O índice de aprovação de Bolsonaro desafia as teorias mais ingênuas da ciência política sobre comportamento e atitude do eleitor. Em geral, a literatura acadêmica indica que crises econômicas, desemprego, redução da renda, instabilidades e crises sanitárias tendem a empurrar para baixo e de forma acelerada a aprovação dos presidentes. Por que não com Bolsonaro? Dei a dica anteriormente: olhem para a Venezuela. Pesquisas de institutos independentes e confiáveis como Datanálisis mostram que cerca de 30% da população da Venezuela seguem apoiando Maduro, isso em meio ao maior declínio econômico e fuga migratória em massa da história da América Latina. Sociologicamente, interpreto que índices de popularidade são úteis para compreender a política de países em situações normais e estáveis, com sistema político e econômico funcionais. No entanto, quando hecatombes de proporções bíblicas atingem países, e esse é o caso tanto de Venezuela quanto do Brasil, os indivíduos deixam de ser meros atores racionais, premiando ou punindo políticos de acordo com suas performances objetivas. Passam, ao contrário, a assumir identidades mais ideológicas, a seguir um ou outro salvador no mercado das ilusões populistas. Quando isso ocorre, pouco importa a objetiva péssima gestão do político porque a culpa é sempre do outro lado, do mal, do inimigo e todos precisam cerrar fileiras acriticamente e atuarem como soldados do comandante injustiçado. Aí a popularidade encontra um piso mínimo elevado e não cai independente das atrocidades que o líder cometa.
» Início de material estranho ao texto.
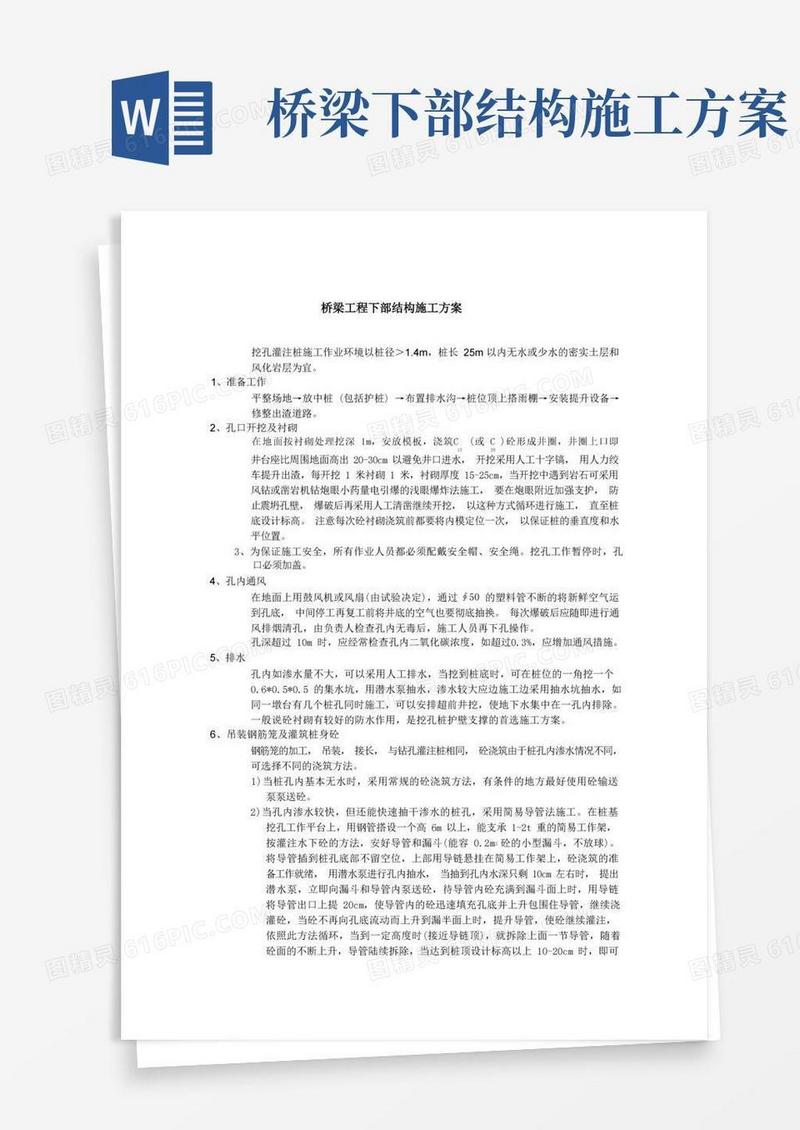 桥梁工程下部结构施工方案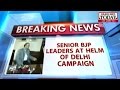Delhi elections: Jaitley look after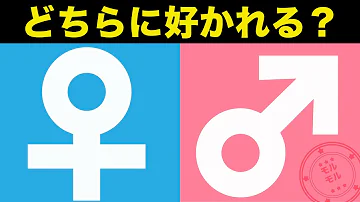 友達からのうざがられ診断 友達からのうざがられ診断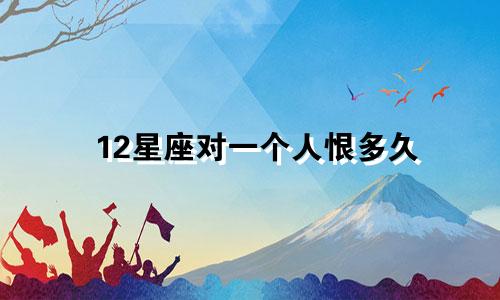 12星座对一个人恨多久
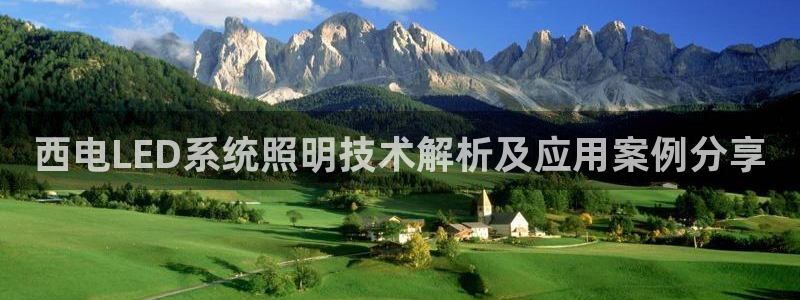 千亿国际pt:西电LED系统照明技术解析及应用案例分享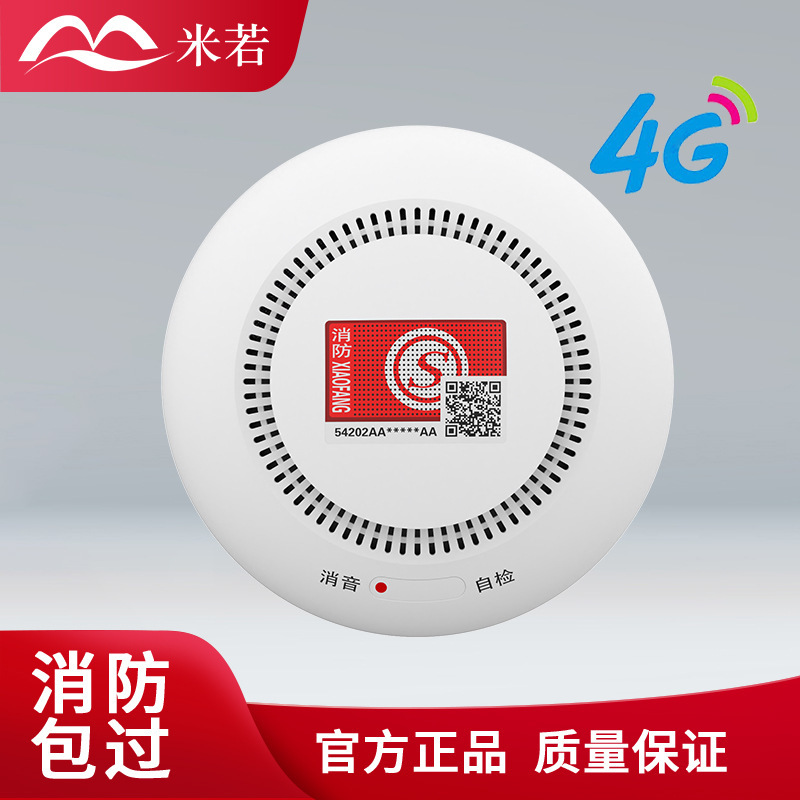 智能联网烟雾报警器烟感器长续航烟感报警器锂电池五年待机816NB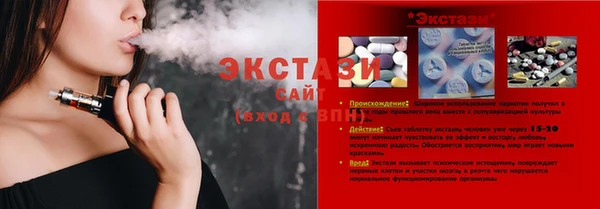 бутират Вязьма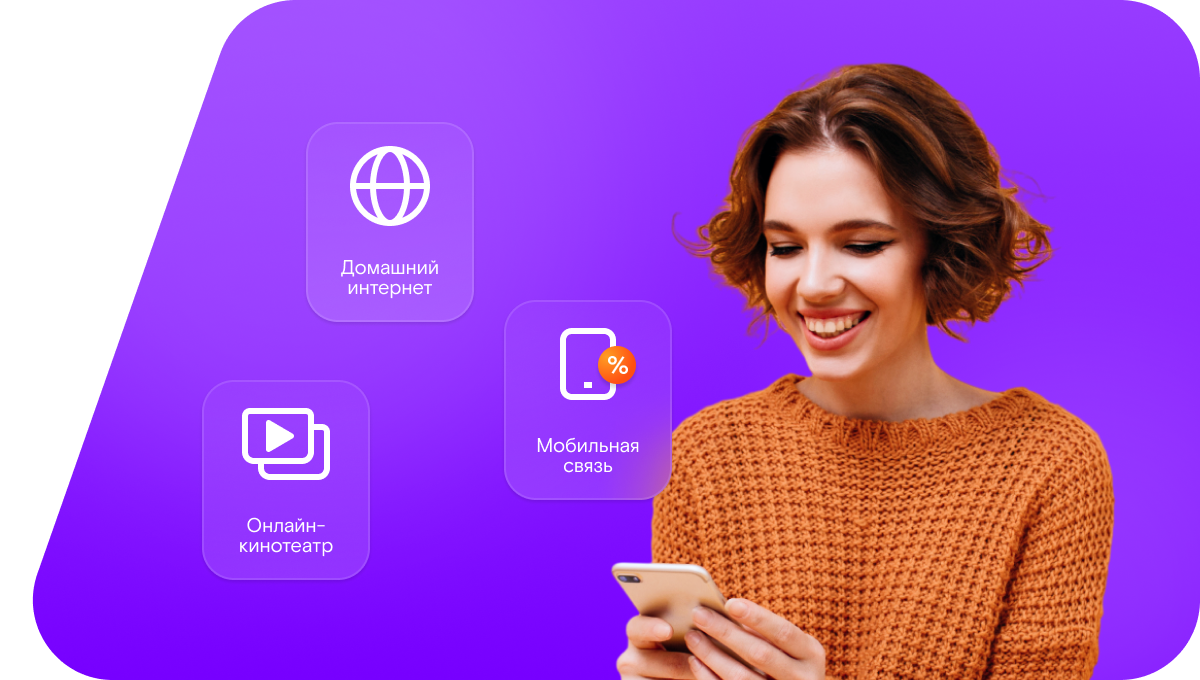 Промо-тарифы Ростелеком в село Фирстово (Омская область)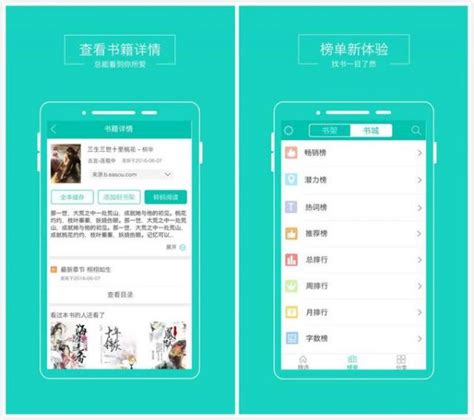 玄幻小说app排行榜 热门的可以看玄幻小说的app推荐_豌豆荚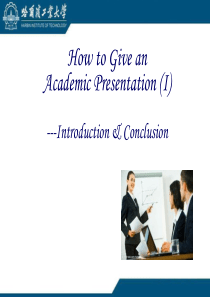 howtogiveapresentation详解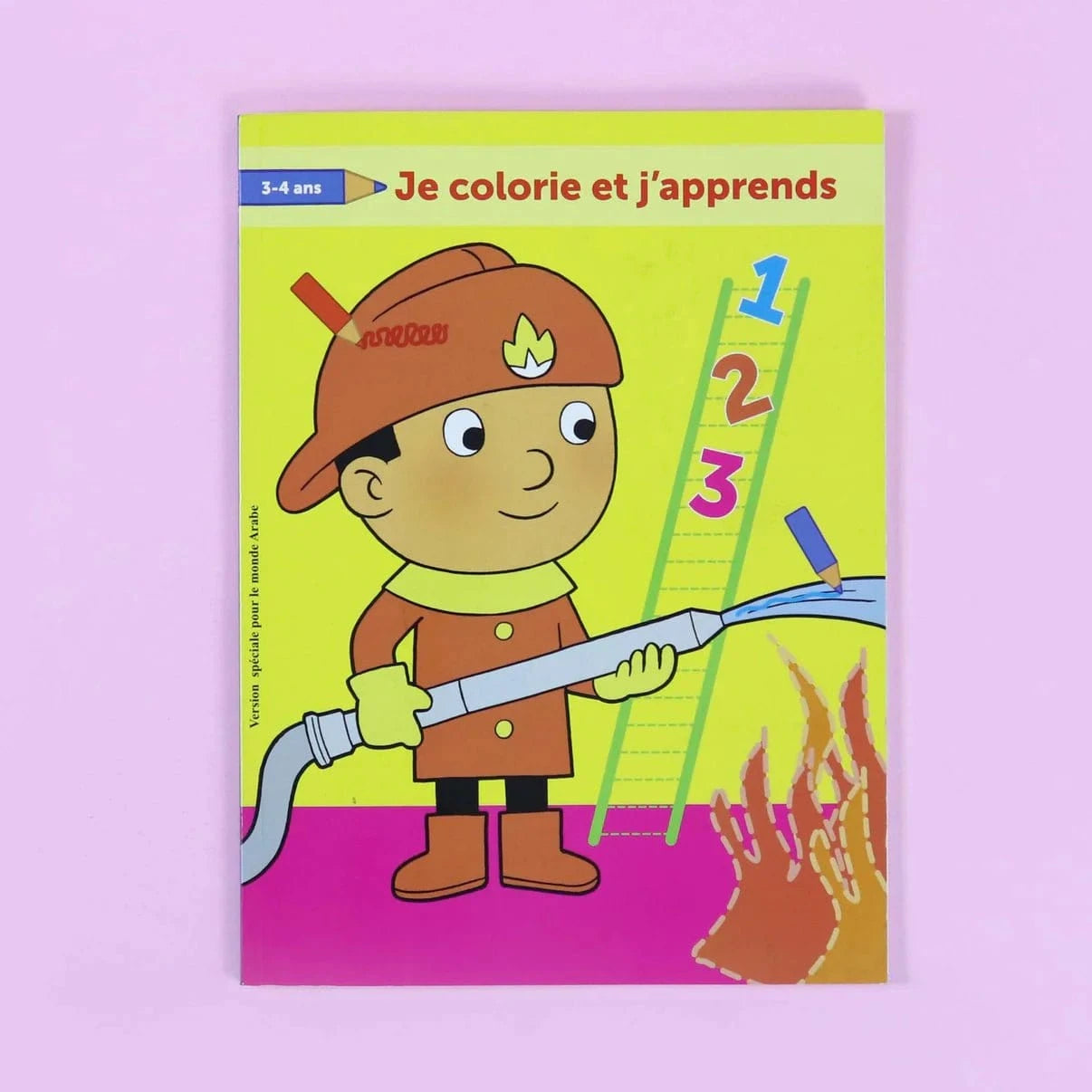 Série Ballon- Je colorie et j'apprends (3-4 ans) Digital Future Livre Islam Enfant 9786144472057 Librairie Musulmane Al-imen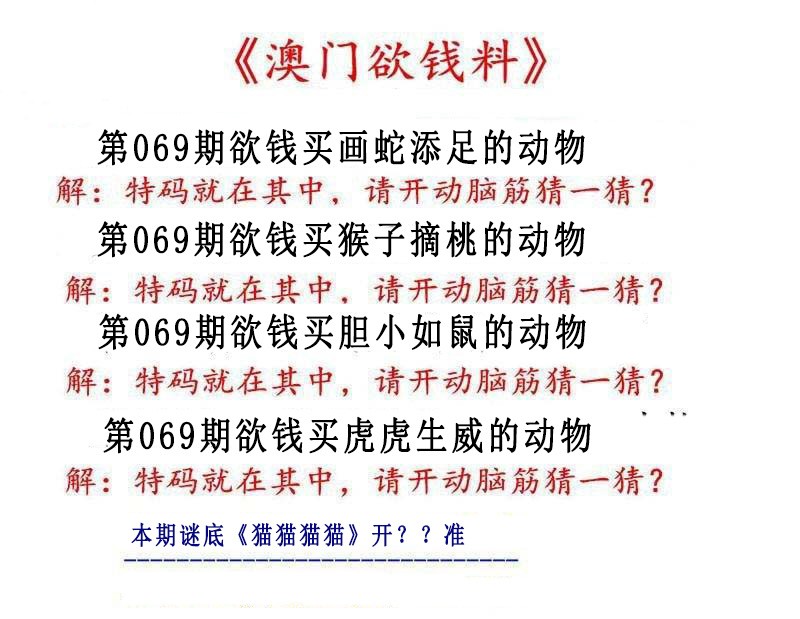 069期澳门欲钱料[图]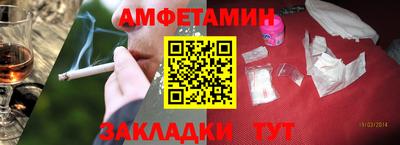 спиды Северобайкальск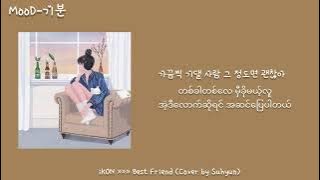 iKON »»» Best Friend (Cover by Suhyun) Myanmar Sub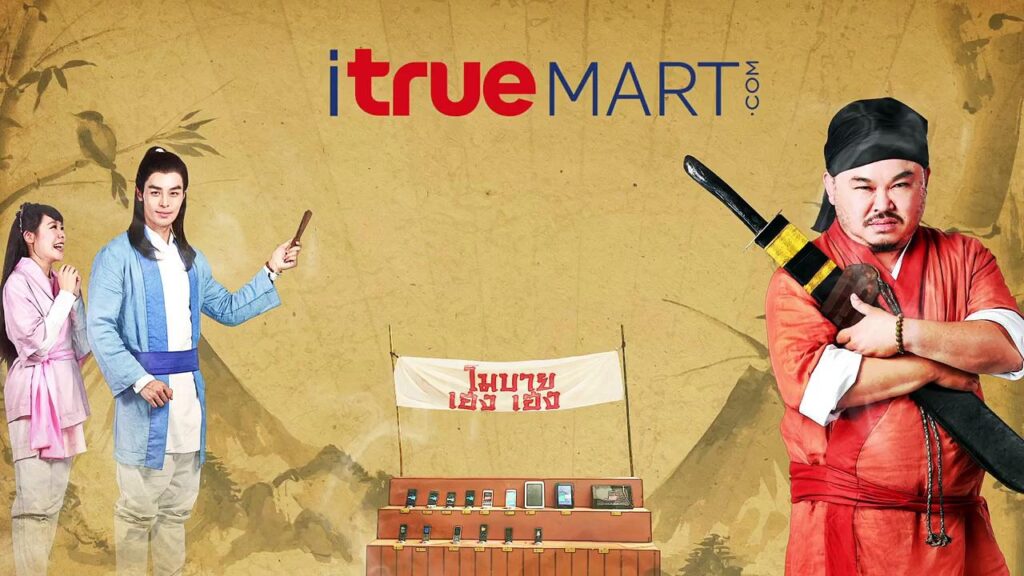 itruemart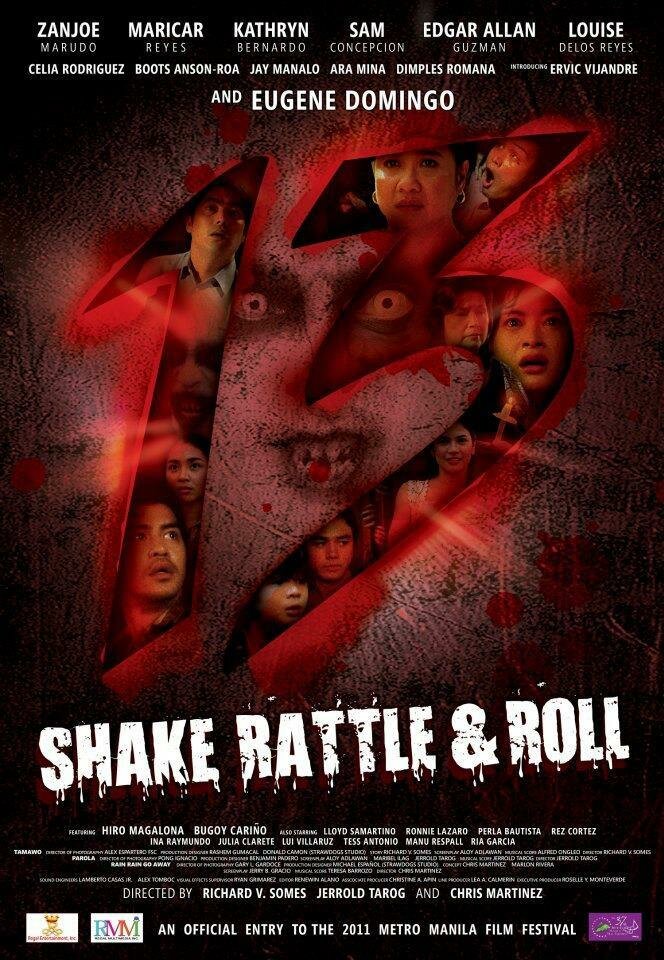 Shake Rattle Roll 13 (2011) постер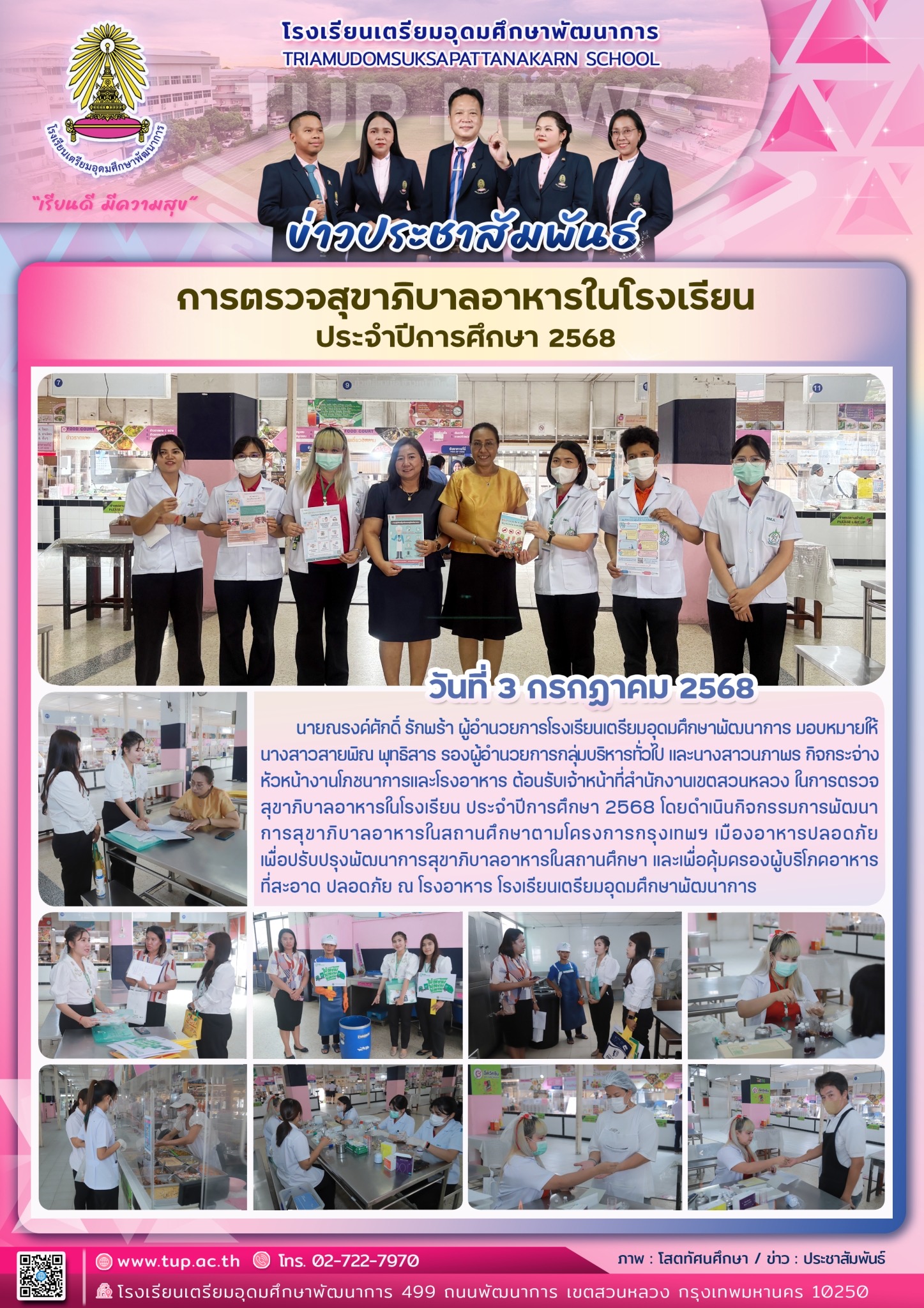 การตรวจสุขาภิบาลอาหารในโรงเรียน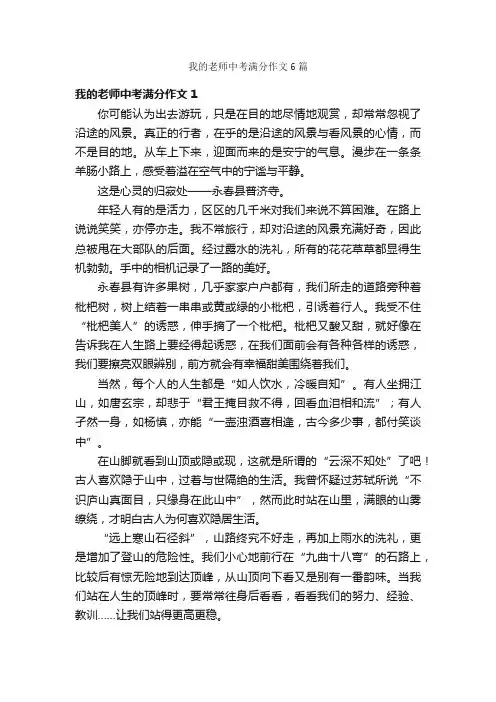 我的老师中考满分作文6篇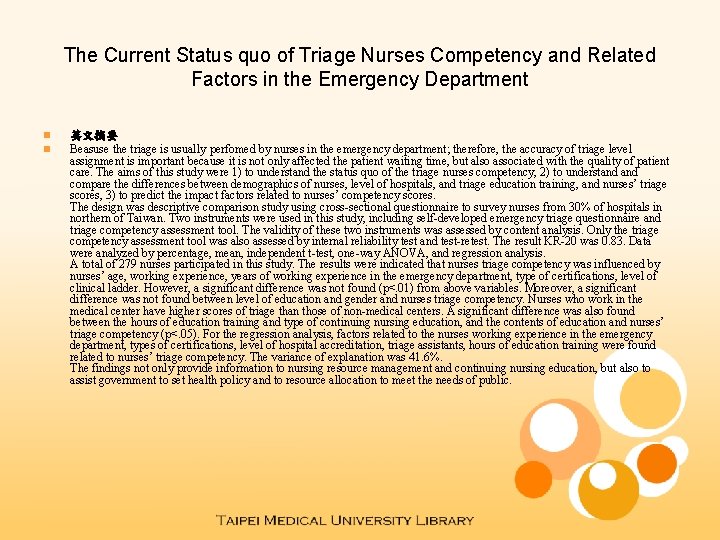 The Current Status quo of Triage Nurses Competency and Related Factors in the Emergency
Que tipo de recado daria para o governador Rui Costa depois desse episódio?
O governador é esperto. Evitou as crises com a PM que (Jaques) Wagner teve que enfrentar. Conseguiu neutralizar as tentativas do presidente de usar politicamente a morte do soldado contra seu governo. Ele sabe que tem uma ameaça muito grande o tempo inteiro pairando sobre ele, mas é hábil, evita indispor-se com o comando da PM, fortalece a instituição, aumenta a rede de escolas militares, tenta ajustar salários quando a situação fiscal permite. Também tem se articulado com outros governadores para não ficar isolado. Mas se tudo isso for insuficiente para evitar um possível amotinamento e insubordinação em meio a um caos eleitoral, ele não contará com o envio de tropas da Força Nacional ou das Forças Armadas para apaziguar as ruas, pelo menos no que depender de decisão do presidente da república. Se isso acontecer, o governador estará em maus lençóis.